European banks are having a hard time getting loans off their books by bundling them into collateral for bonds, which would free up capital for more lending. So instead, many are opting to sell securities exposed to the risk in these assets.

The latest recognition of what is known as “synthetic” securitization comes from the Prime Collateralised Securities Initiative, an independent non-profit that seeks to boost asset-backed issuance by labeling securities that meet its criteria as “high quality.” On Thursday, the PCS announced a new label to be awarded to synthetic transactions.

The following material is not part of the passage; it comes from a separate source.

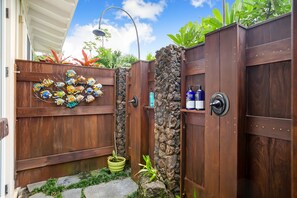 Property grounds - Poipu Beach Plantation Style Cottage (Koloa)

“PCS hopes that its new label will, once again, help support the market by assisting both protection buyers and investors through standardization and added transparency,” the organization stated in a press release.

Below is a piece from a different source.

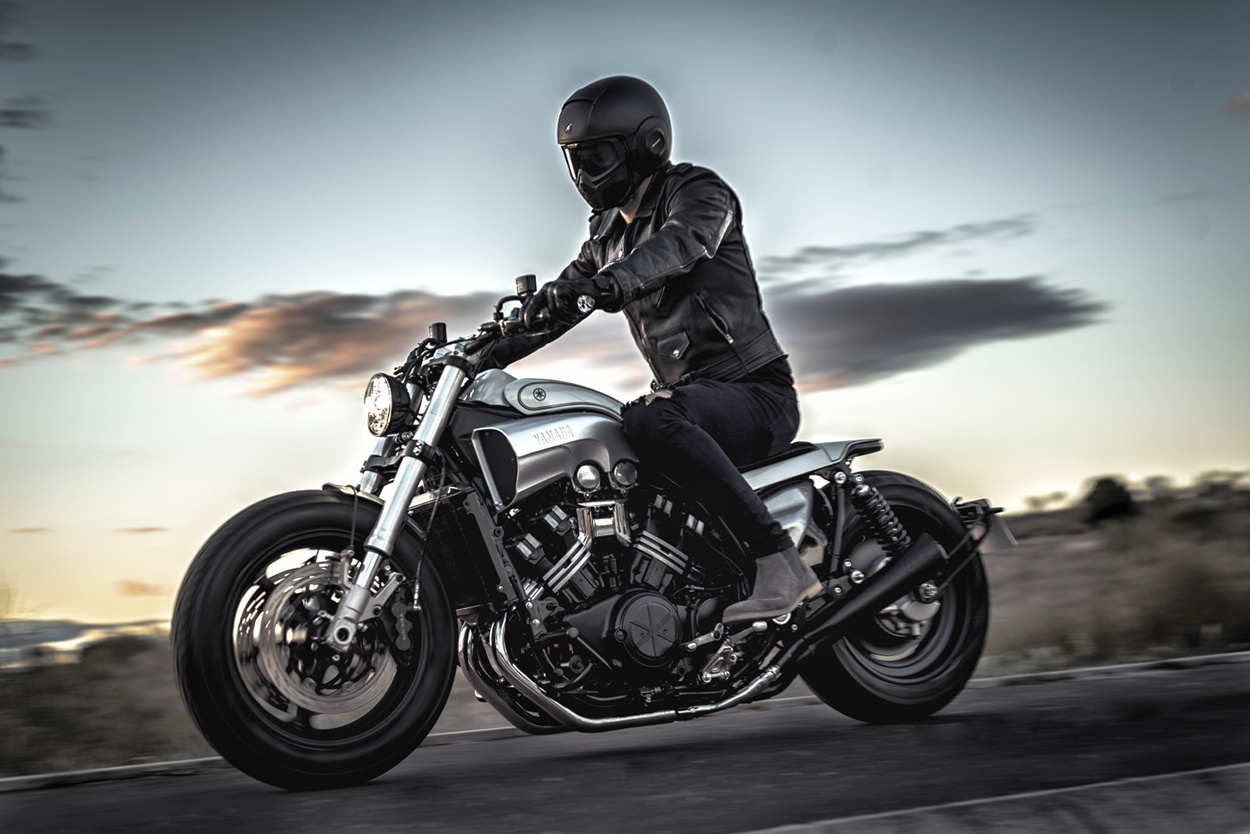 W-Max: секреты рестомода-дрэгстера Yamaha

The organization’s website touts synthetic securitization as “another way for banks to break the iron link between how much equity they hold and how much lending they can extend to the real economy.”

It is the first new label from PCS since the creation of its original PCS True Sale Label in 2012.

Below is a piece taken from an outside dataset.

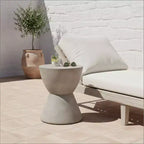 Table d'appoint d'extérieur en béton léger, design sculptural moderne, résistante aux intempéries et facile à déplacer pour patio, balcon ou jardin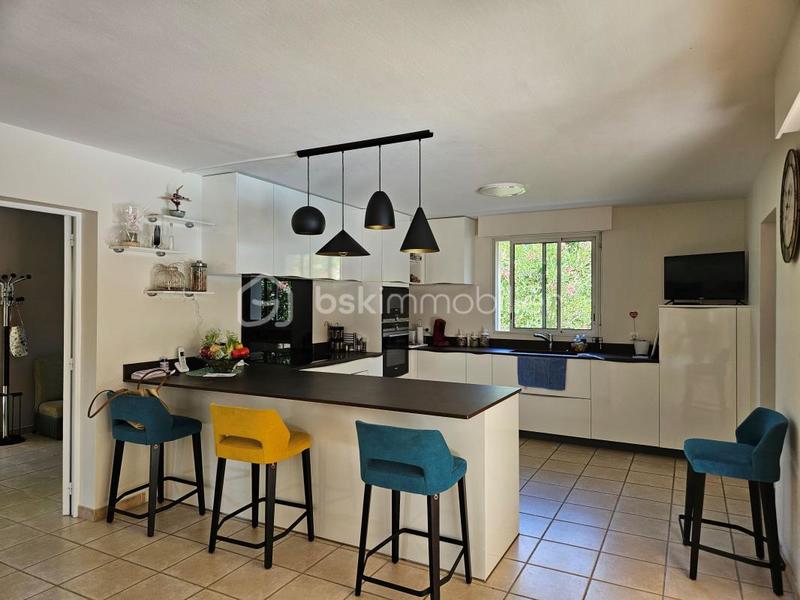 Maison traditionnelle - 244 m² - 5 pièces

PCS has already granted its first PCS Risk Transfer Label to a recent transaction by Italy’s UniCredit linked to the performance of a pool of loans to small and medium-sized companies. (The size of the transaction was not disclosed.)

Data on synthetic securitization is scarce, given the private nature of the deals. Deutsche Bank recently published an estimate that issuance reached €94 billion in 2016.

Among notable transactions, Dutch pension fund PGGM announced in January of last year that it had entered into a €2.3 billion transaction with Banco Santander to assume credit risk on more than 6,000 loans to the banks clients in Spain.

Europe’s true-sale securitization, in which an originator (or aggregator) sells loans to a special purpose vehicle, which then issues asset-backed securities, is “broken” in the words of Deutsche Bank economist Orçun Kaya. In a Feb. 21 report, he said the outstanding volumes of all securitized European assets tumbled to $1.5 billion at the end of 2016 from $3 trillion in 2009.

The good news is that synthetic securitization, in which the originator transfers the credit risk of the bundled loans via credit derivatives or guarantees to the capital markets, offers many of the same benefits - despite the fact that the loans themselves remain on the originator’s balance sheet.